PROBLEM
Would you return exactly the lines below from the line with "ALO Yoga Black" through the line with "1830 S Ocean Dr 4111, Hallandale Beach, Florida 33, Hallandale", both included, and nothing else, leaving out the pictures?

DATA FOR THE TASK
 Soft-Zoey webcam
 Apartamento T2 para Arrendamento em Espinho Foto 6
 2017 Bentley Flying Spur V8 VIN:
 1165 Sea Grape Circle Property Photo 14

--

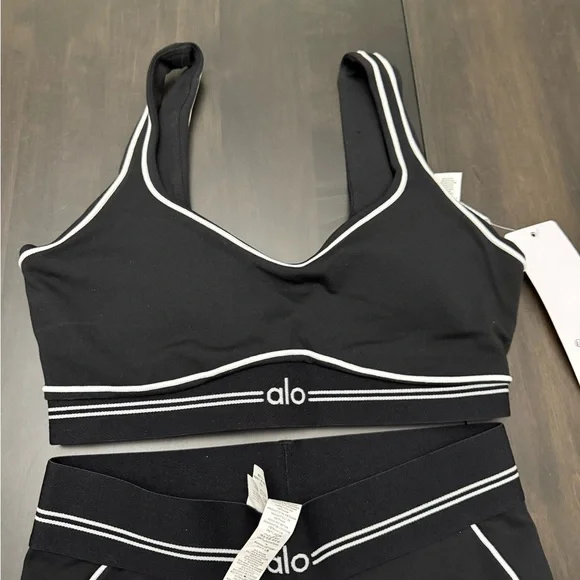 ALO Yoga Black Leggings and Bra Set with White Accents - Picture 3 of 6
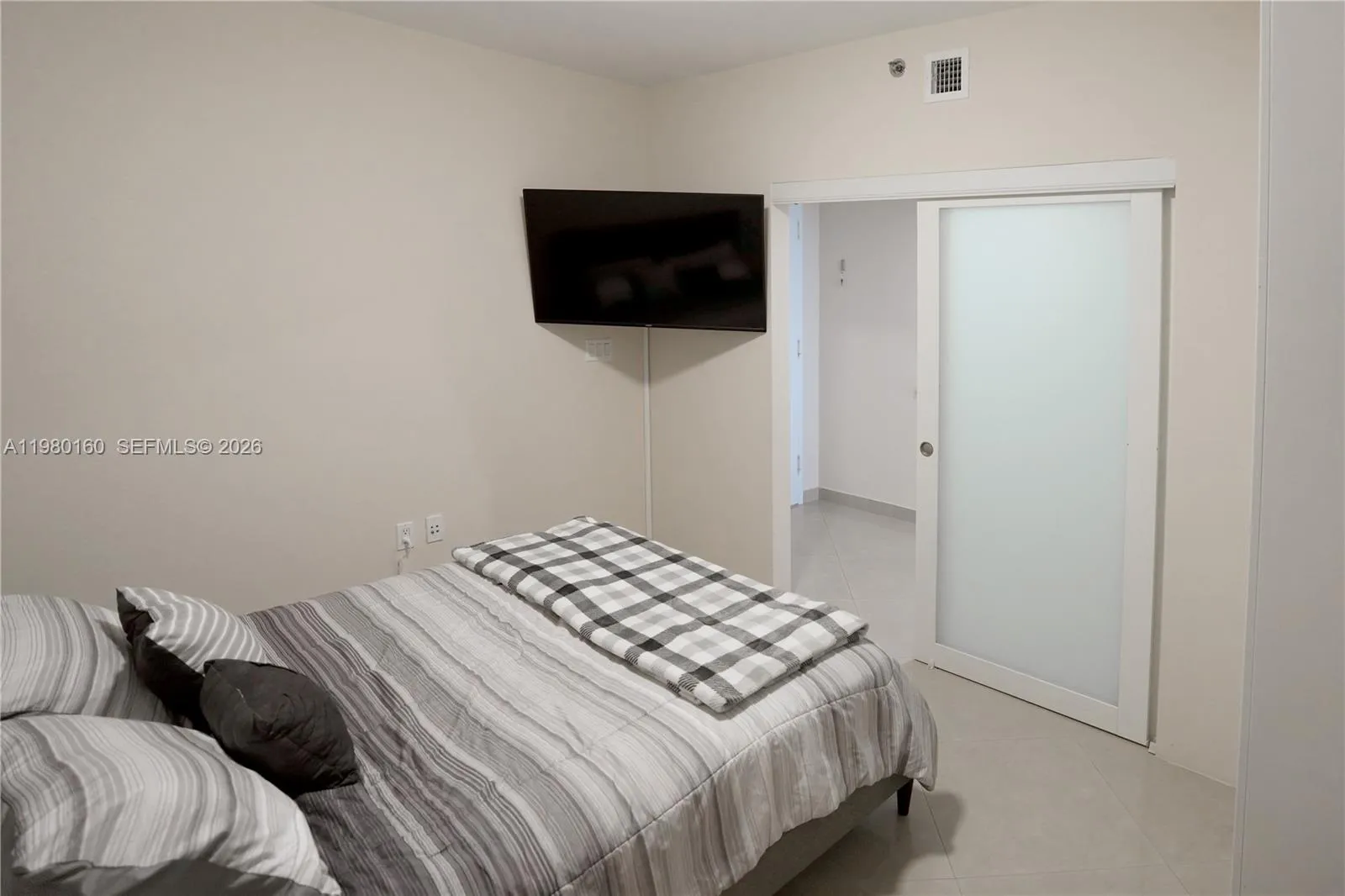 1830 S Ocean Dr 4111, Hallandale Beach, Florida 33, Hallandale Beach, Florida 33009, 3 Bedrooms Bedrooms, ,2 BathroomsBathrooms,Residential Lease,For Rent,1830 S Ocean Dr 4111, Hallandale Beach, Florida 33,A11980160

OUTPUT OF THE TASK
 ALO Yoga Black Leggings and Bra Set with White Accents - Picture 3 of 6
 1830 S Ocean Dr 4111, Hallandale Beach, Florida 33, Hallandale Beach, Florida 33009, 3 Bedrooms Bedrooms, ,2 BathroomsBathrooms,Residential Lease,For Rent,1830 S Ocean Dr 4111, Hallandale Beach, Florida 33,A11980160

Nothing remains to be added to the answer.